Course Withdrawal: A Comparison of Business and Engineering Students in a Private University
Published in Journal of Applied Research in Higher Education (2019)
The purpose of this study is to investigate the course withdrawal behavior of business and engineering students in a private university. While previous research has studied such behavior, the literature remains sparse and dated. While dropping out of college has received cross-national interest, the same cannot be said of course withdrawal. Most research to date has been conducted in a community college setting or has used a subset of the courses taken by students at universities in the U.S. Thus, this is one of the first studies to investigate course withdrawal in another country. The present study uses a negative binomial model in order to model the total number of course withdrawals for 760 students. The dataset includes all courses taken by the students, with a total of 25,160 course outcomes. Among the findings are that males withdraw from courses more than females, engineering courses have the highest withdrawal rates, and male engineering students withdraw more than any other group.
Always Negotiate, Sometimes Cooperate: An Agent – Based Model
Published in International Journal of Organization Theory & Behavior (2019)
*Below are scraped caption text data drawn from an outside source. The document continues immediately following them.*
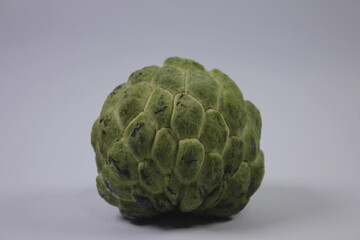 Isolated photo of Srikaya fruit. It has a sweet taste and there are lots of seeds
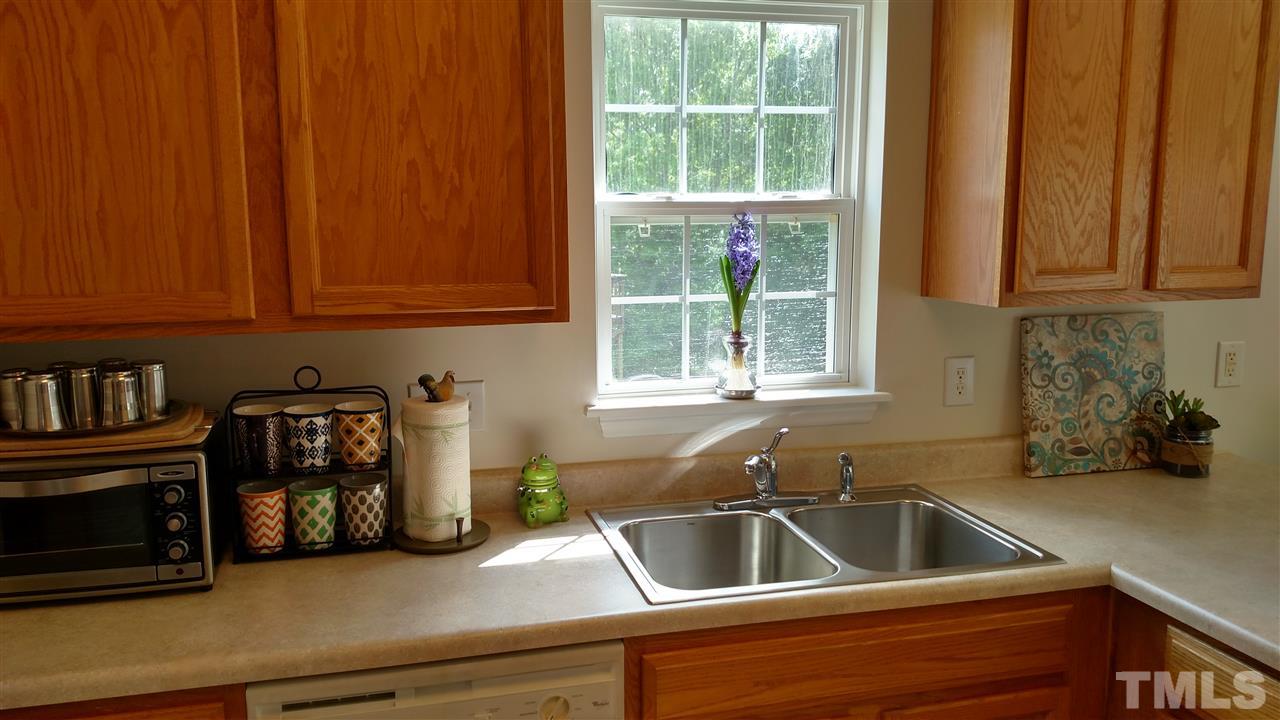 2304 Spruce Shadows Lane Raleigh, NC 27614 - Photo 4 of 25 a kitchen with a sink and a window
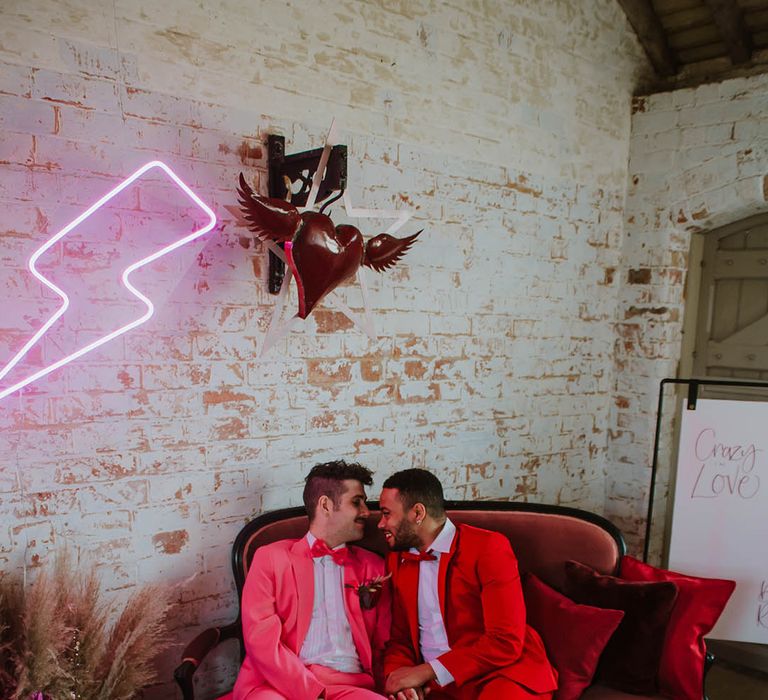 two grooms in pink and red suits sitting on an ornate velvet couch under a pink neon lightning bolt sign and heart with wings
The nature of the workplace has been changing at a rapid pace, with employment relations becoming more individualized. Therefore, negotiation today is more important than ever, for both managerial and non-managerial employees. This study presents an agent-based model that aims to simulate the negotiation process. The aim of the simulation is to better understand the dynamics of the negotiation process by highlighting the strategy adopted by top performing individuals. Specifically, the simulation looks at the two acts of negotiation and cooperation. The simulation results indicate that negotiation is beneficial in varying degrees, while cooperation is beneficial only under certain circumstances. The study then extends this analysis by allowing for gender differences in both negotiation and cooperation. The results provide strong support for the idea that agentic characteristics are beneficial for negotiators, and that females are disadvantaged due to the fact that they are raised to be more communal than males.
Women in Engineering: A Qualitative Investigation of the Contextual Supports and Barriers to their Career Choice
Published in Women’s Studies International Forum (2019)
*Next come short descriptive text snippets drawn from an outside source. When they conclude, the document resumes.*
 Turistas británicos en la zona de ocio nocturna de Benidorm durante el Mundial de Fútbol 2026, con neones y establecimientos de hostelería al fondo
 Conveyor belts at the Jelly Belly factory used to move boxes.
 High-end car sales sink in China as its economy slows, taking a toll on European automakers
This study explores both past and current experiences of female engineering students. Women continue to be underrepresented in certain STEM (science, technology, engineering, and mathematics) fields in most countries. Using Social Cognitive Career Theory as a theoretical framework, 30 semi-structured interviews were conducted with female engineering students in Lebanon to better understand their decision-making processes and to shed light on their experiences. Results indicate that female engineers continue to face significant hurdles in both social and professional settings. Society, as represented by their extended family and friends, questioned their choices, and discrimination, including sexual harassment, continues to be an issue at work or internships. This study also emphasizes the power of human agency and the importance of the nuclear family, in that most participants discussed the extent of support that they received, and continue to receive, from their parents and siblings, in addition to their belief that they are responsible for their own choices.
A Study of Cheating Beliefs, Engagement, and Perception – A Comparative Analysis between Business and Engineering Students
Published in Journal of Academic Ethics (2019)
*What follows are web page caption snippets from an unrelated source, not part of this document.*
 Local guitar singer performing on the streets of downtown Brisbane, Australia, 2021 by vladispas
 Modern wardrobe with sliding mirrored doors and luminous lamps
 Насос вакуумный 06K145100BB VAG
Studies have found that academic dishonesty is widespread. Of particular interest is the case of business students since many are expected to be the leaders of tomorrow. This study examines the cheating behaviors and perceptions of 819 business and engineering students at three private Lebanese universities, two of which are ranked as the top two universities in the country. Our results show that cheating is pervasive in the universities to an alarming degree. We first analyzed the data by looking at the variables gender, college (business vs. engineering), GPA, and whether the students had taken the business ethics course. We then supplemented this analysis by building an ordered logistic regression model to test whether these independent variables affect the level of engagement in cheating behavior when we control for the other variables. The results show that males engage in cheating more than females and that students with a lower GPA engage in cheating more. We initially find a difference between business and engineering students, but once we control for the other variables, this difference ceases to exist. Our most surprising result is that the business ethics course seems to have a detrimental effect on the cheating behavior of students. Finally, we find that perception plays a key role in defining the behavior of students. The more that students perceive that others are engaging in a certain behavior, the higher the probability that they will engage in the behavior, even if they believe that this behavior constitutes cheating.
Paradise of Knowledge: The Emergence of the Lebanese Newspaper Industry, 1851–1879
Published in Eurasian Studies in Business and Economics (2019)
Industry emergence is one of the central topics in organizational theory. Researchers agree that different industries emerge for different reasons. This paper will study how the Lebanese newspaper industry emerged. The paper will show that the Lebanese newspaper industry emerged as a social movement. Both macro-level structural changes and micro-level grievances will be examined. The identity of the newspapers will be inferred from the framing process and from “stories” told by the newspapers themselves. Ultimately, the paper will show that the early newspapers projected a unified identity as a social movement. The paper will also stress the importance of both macro-level structural events and micro-level grievances.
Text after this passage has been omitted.